(Source material):

# # #

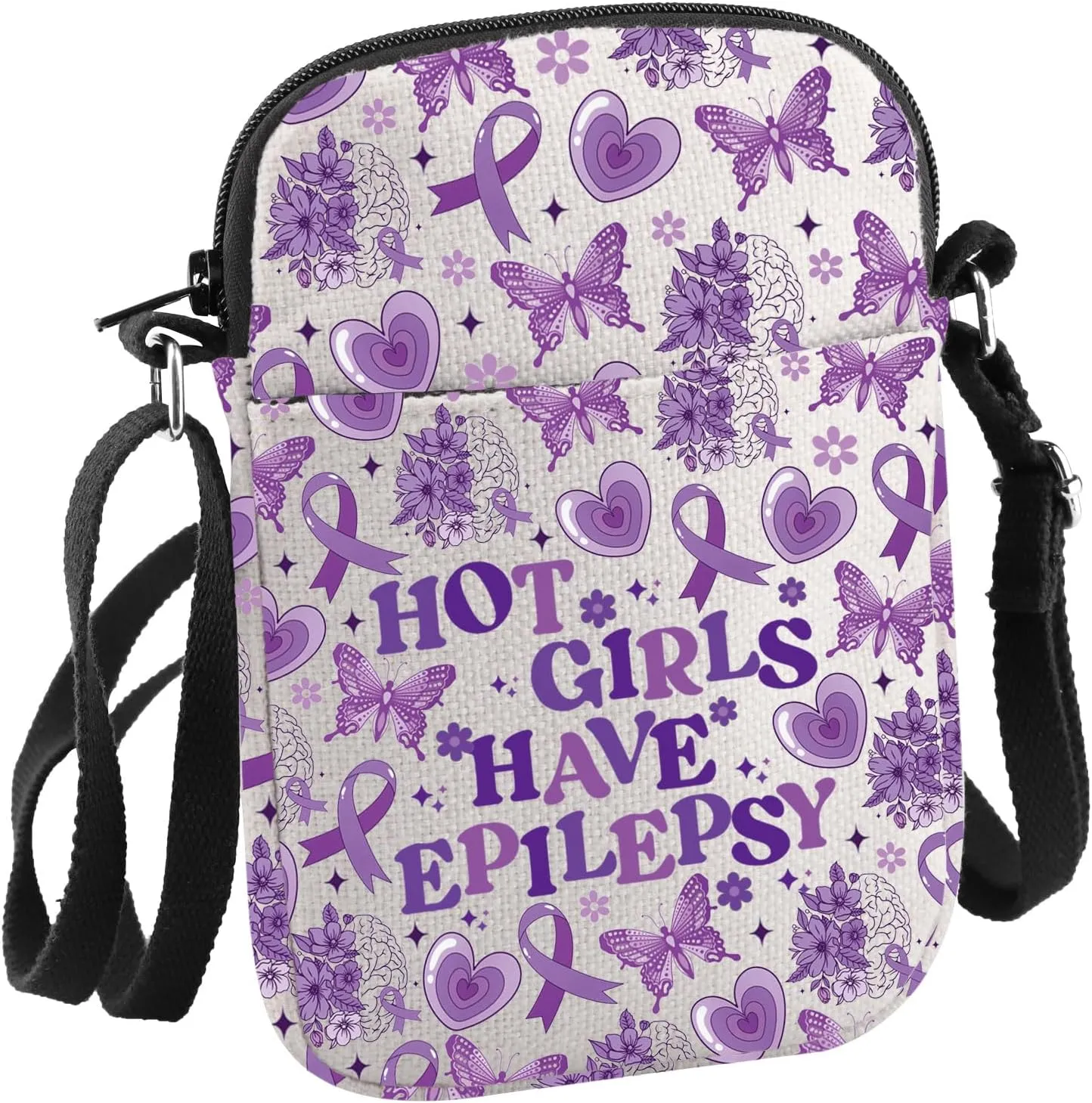 Epilepsy Awareness Gift Hot Girls Have Epilepsy Cossbody Bag Purple Ribbon Month Gift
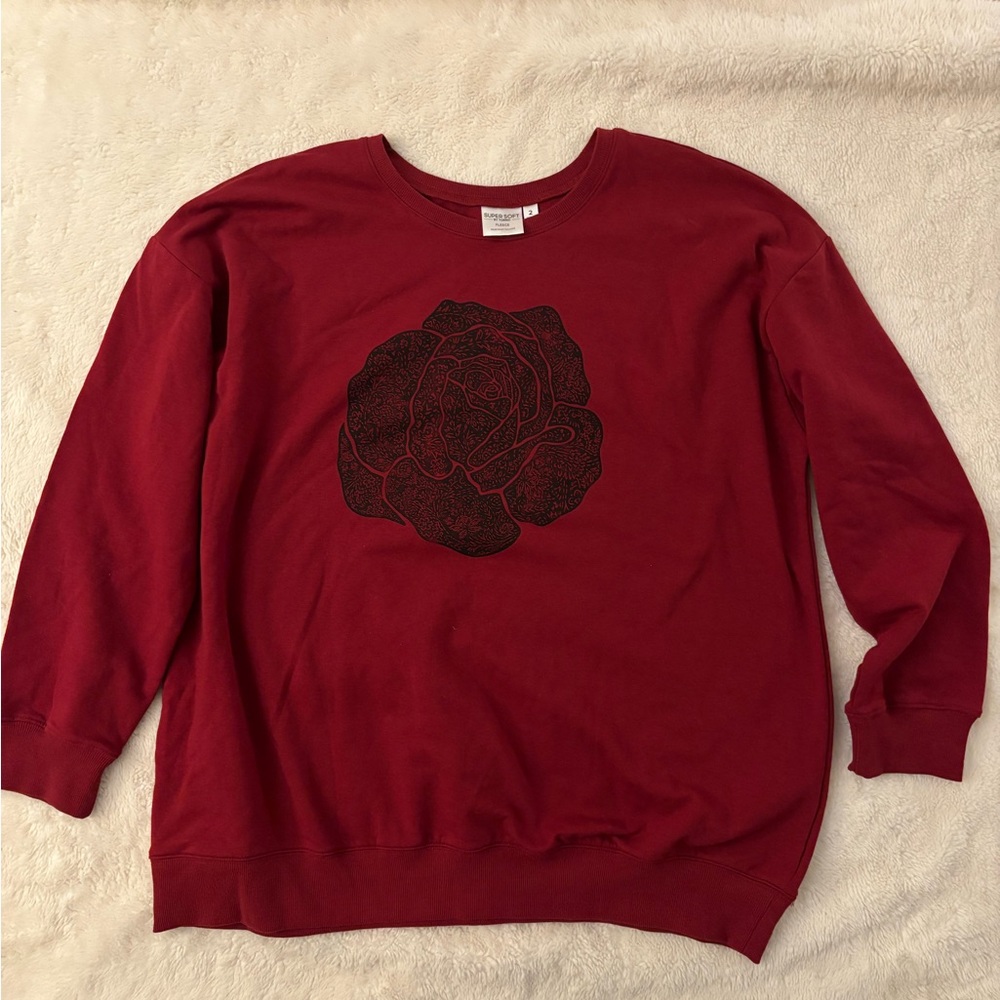 Red Sweatshirt with Rose Design Super Soft by Torrid
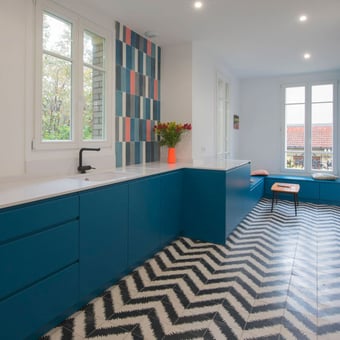 Carreau ciment Zigzag on Four Kohl, Milk Popham design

# # #

(Aim of the task): Give back the full listing above word for word, and let no picture through.

(Reply to the task):
 Epilepsy Awareness Gift Hot Girls Have Epilepsy Cossbody Bag Purple Ribbon Month Gift
 Red Sweatshirt with Rose Design Super Soft by Torrid
 Carreau ciment Zigzag on Four Kohl, Milk Popham design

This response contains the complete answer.